**DESCRIPTION OF THE TASK:** Your task is to reproduce, verbatim and without pictures, the lines from the opening of the listing through the line containing "高货灰色2024春秋装，修身显瘦中长款大码时尚女式大衣格子风衣".

**GIVEN RECORDS:**
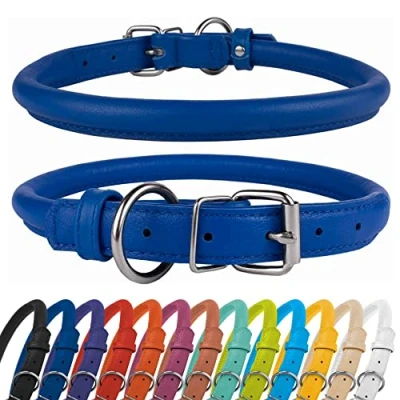 Immagine di CollarDirect collare per cani arrotolato in pelle, morbido rotondo imbottito cuccioli, fatto a mano vera pelle piccoli collari (14 16 pollici, blu scuro testurizzato)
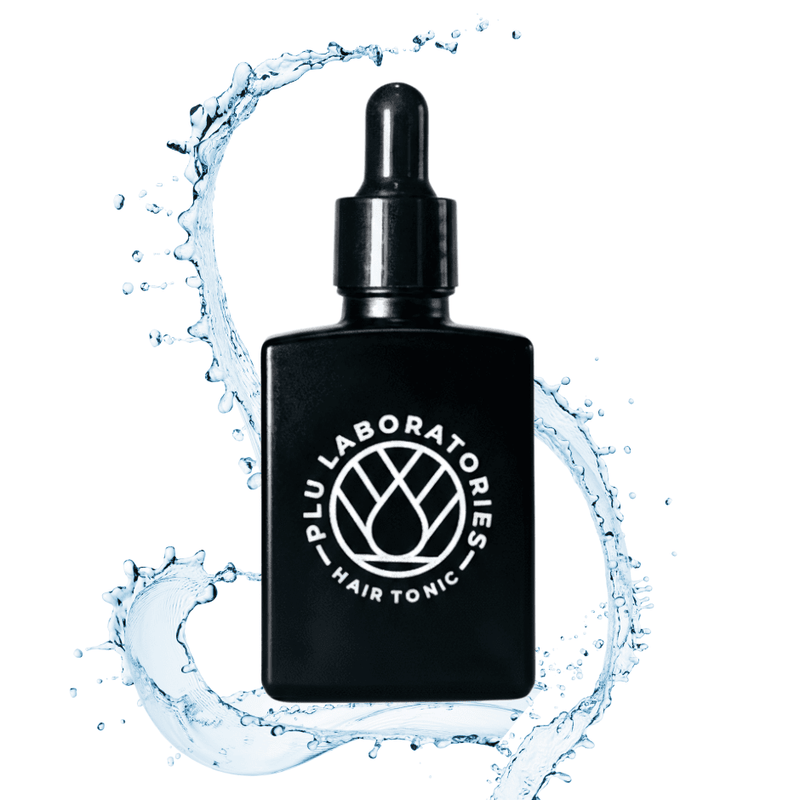 PLU Hair Tonic with Blue Liquid Background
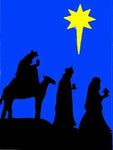 Three Wise Men Flag on Royal - 12 x 18 in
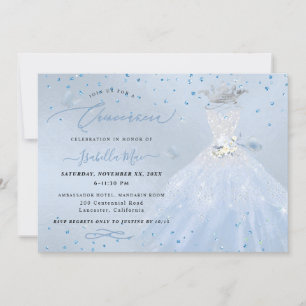 Convites Quinceanera Silver Blue Quinceanera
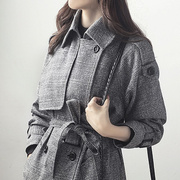 高货灰色2024春秋装，修身显瘦中长款大码时尚女式大衣格子风衣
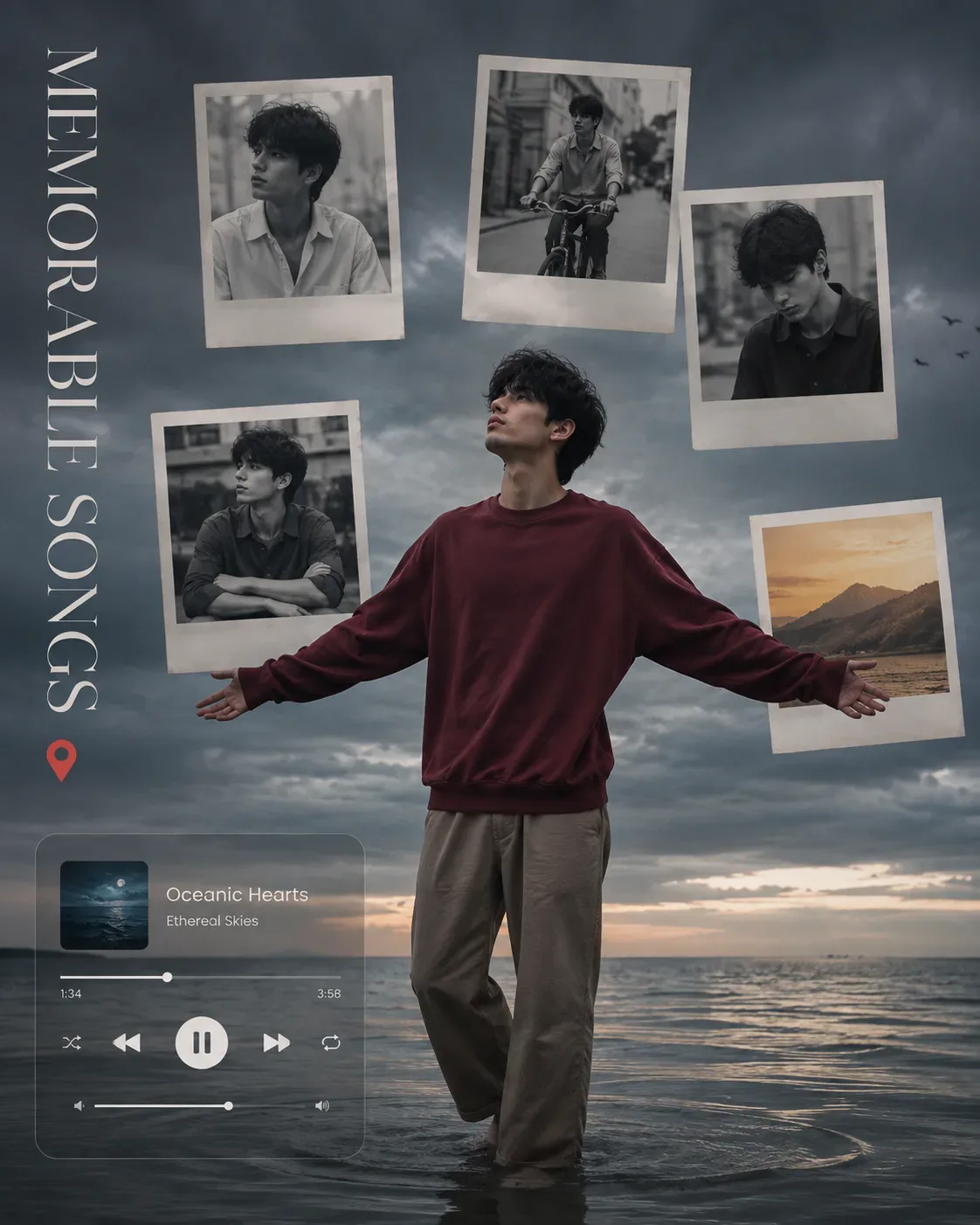 Melancholic Echoes Cinematic Music-lover Ocean Editorial AI Photo Prompt preview example result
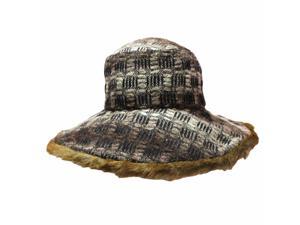Brown Two-Tone Faux Fur Trim Floppy Hat Brown Two-Tone Faux Fur Trim Floppy Hat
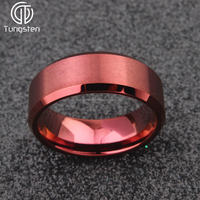 Bague de mariage unisexe en tungstène rouge, style tendance, ajustement confortable, bord biseauté, design brossé, sertissage en canal DGTungsten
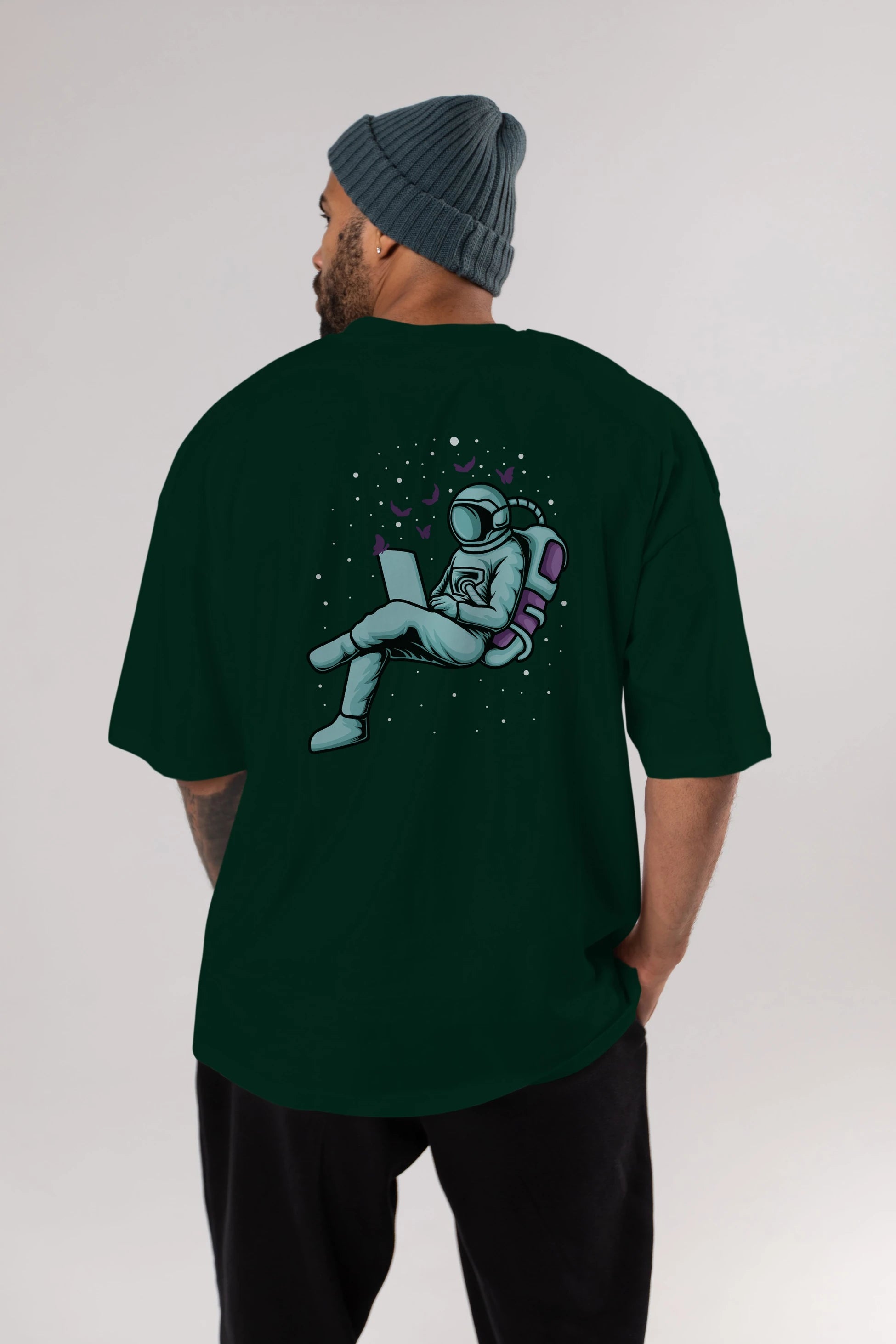 Work with Butterflies in Space Arka Baskılı Oversize t-shirt Erkek Kadın Unisex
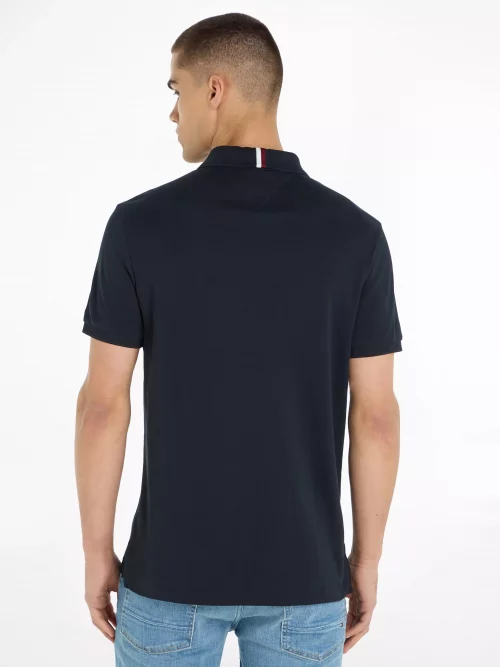 Polo Manches Courtes Monogramme Th Bleu Fonce – Image 2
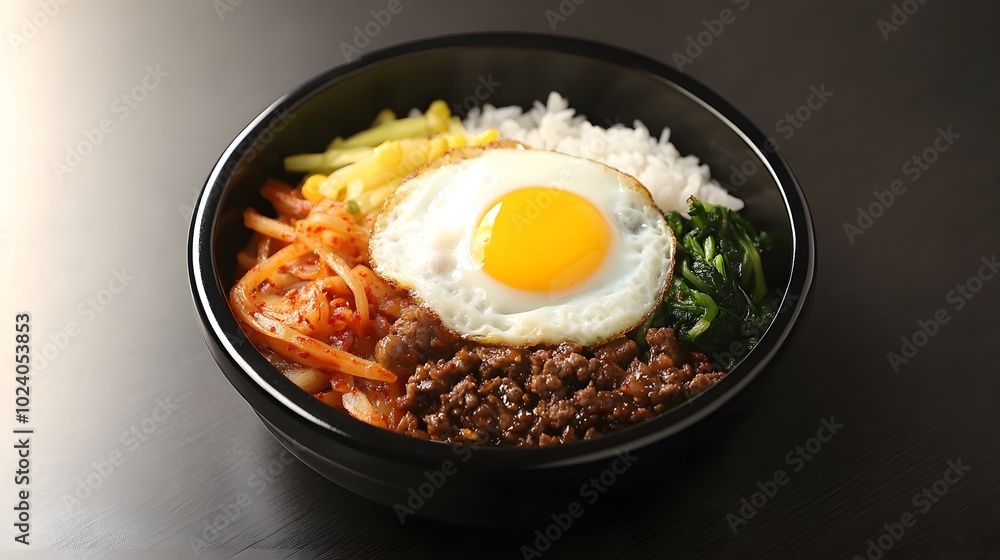 A Korean bibimbap bowl, with rice, sautéed vegetables, a fried egg, and spicy gochujang sauce.
A Korean bibimbap bowl, with rice, sautéed vegetables, a fried egg, and spicy gochujang sauce.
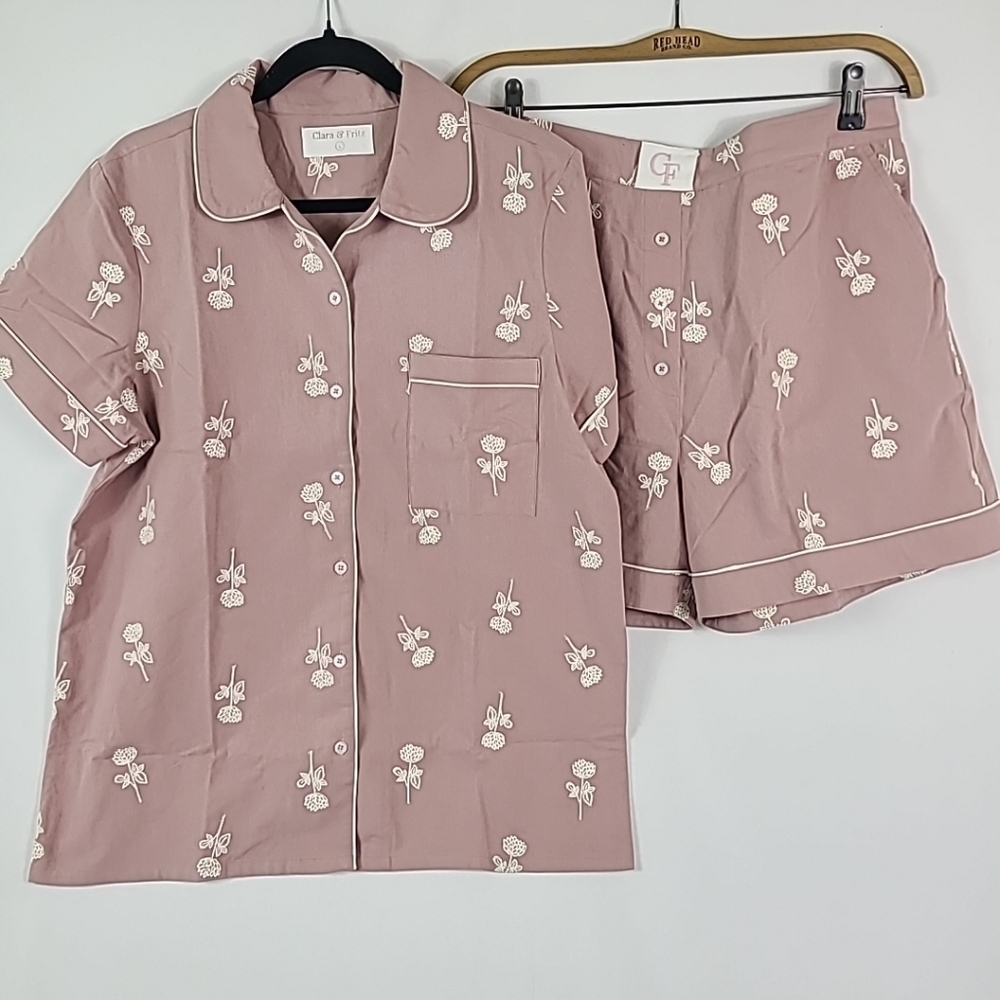 NEW Clara & Fritz Women's Organic Cotton Clover Lounge Short Set Pink Ivory Sz L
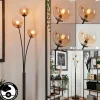 hofstein Lampadaire - Verre 12 cm Bernado Ambre, 3 lumières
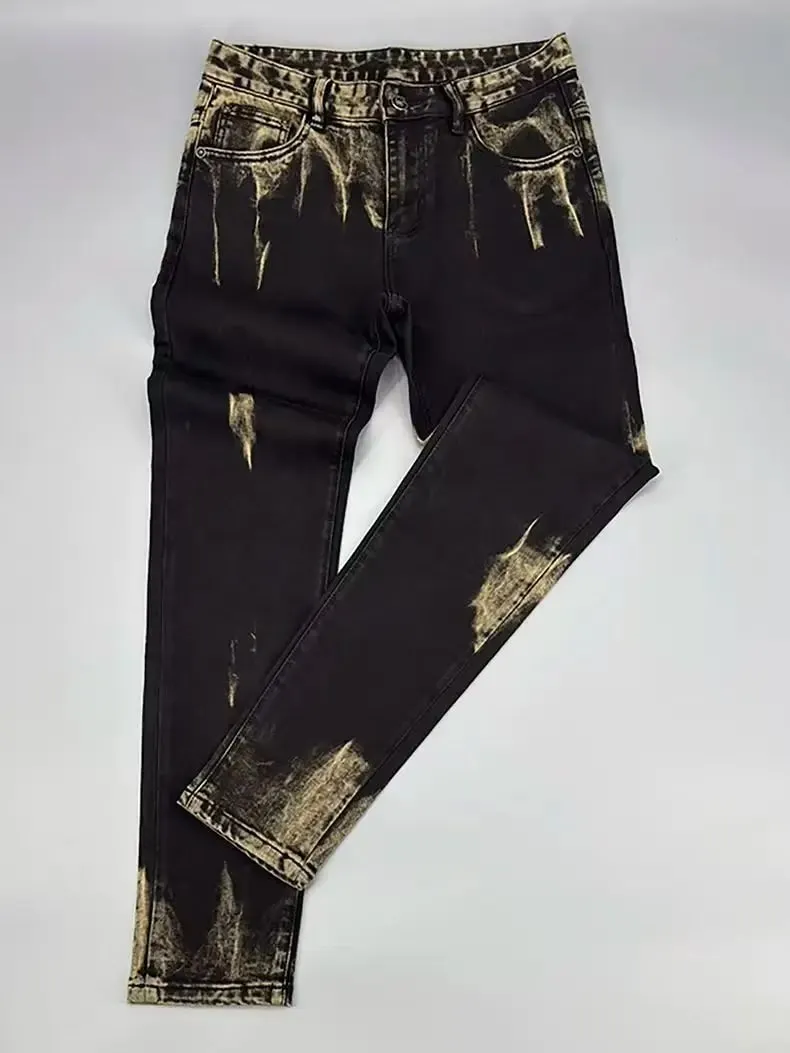 High-quality American Retro Men Jeans 2026 autumn new micro-elastic popular wear-resistant wash slim straight pants — image 6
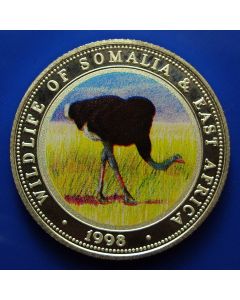 Somalia 	 250 Shillings	1998	 - Ostrich - Proof / Silver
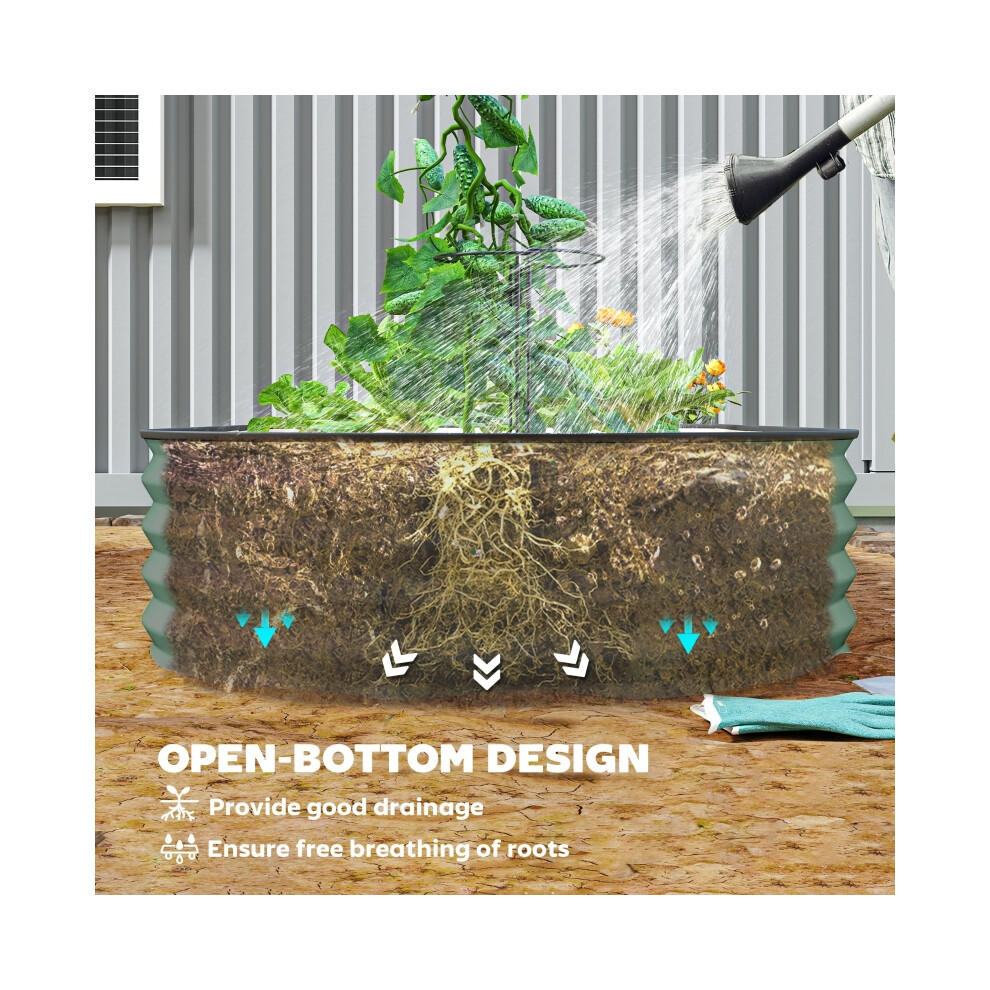 Steel Planters Set of Two 181 x 93cm - Garden Plant Pots with Drainage Durable Green Finish for Outdoor Use-image-OPC-PMGBTRH-NEW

**WRITTEN SOLUTION:**
 Immagine di CollarDirect collare per cani arrotolato in pelle, morbido rotondo imbottito cuccioli, fatto a mano vera pelle piccoli collari (14 16 pollici, blu scuro testurizzato)
 PLU Hair Tonic with Blue Liquid Background
 Three Wise Men Flag on Royal - 12 x 18 in
 Convites Quinceanera Silver Blue Quinceanera
 高货灰色2024春秋装，修身显瘦中长款大码时尚女式大衣格子风衣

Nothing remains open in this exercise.